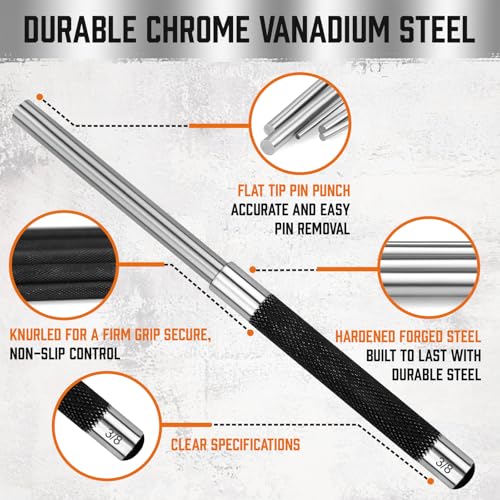 HORUSDY 5-Piece Roll Pin Punch Set, 8-Inch Carbon Steel Pin Punch Tool Kit (1/8" to 3/8") with Storage Pouch for Gunsmithing, Watch & Jewelry Repair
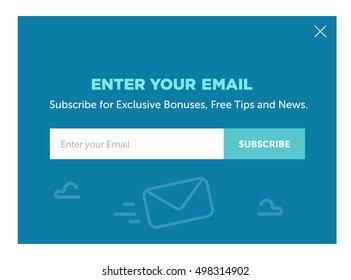 Design of the website form for email subscribe.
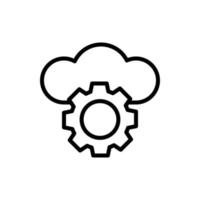 Cloud, gear vector icon illustration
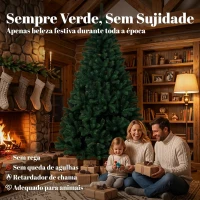 HOMCOM Árvore de Natal Abeto 230 cm com Ramos Articulados, 1300 Pontas em PVC Ignífugo, Montagem Rápida, Base em Aço, Verde(m-4)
•••••
● **DIRECTIONS**: Your task is to set down each line above verbatim while excluding the pictures.

● **TASK ANSWER**:
 HORUSDY 5-Piece Roll Pin Punch Set, 8-Inch Carbon Steel Pin Punch Tool Kit (1/8" to 3/8") with Storage Pouch for Gunsmithing, Watch & Jewelry Repair
 Design of the website form for email subscribe.
 Cloud, gear vector icon illustration
 HOMCOM Árvore de Natal Abeto 230 cm com Ramos Articulados, 1300 Pontas em PVC Ignífugo, Montagem Rápida, Base em Aço, Verde(m-4)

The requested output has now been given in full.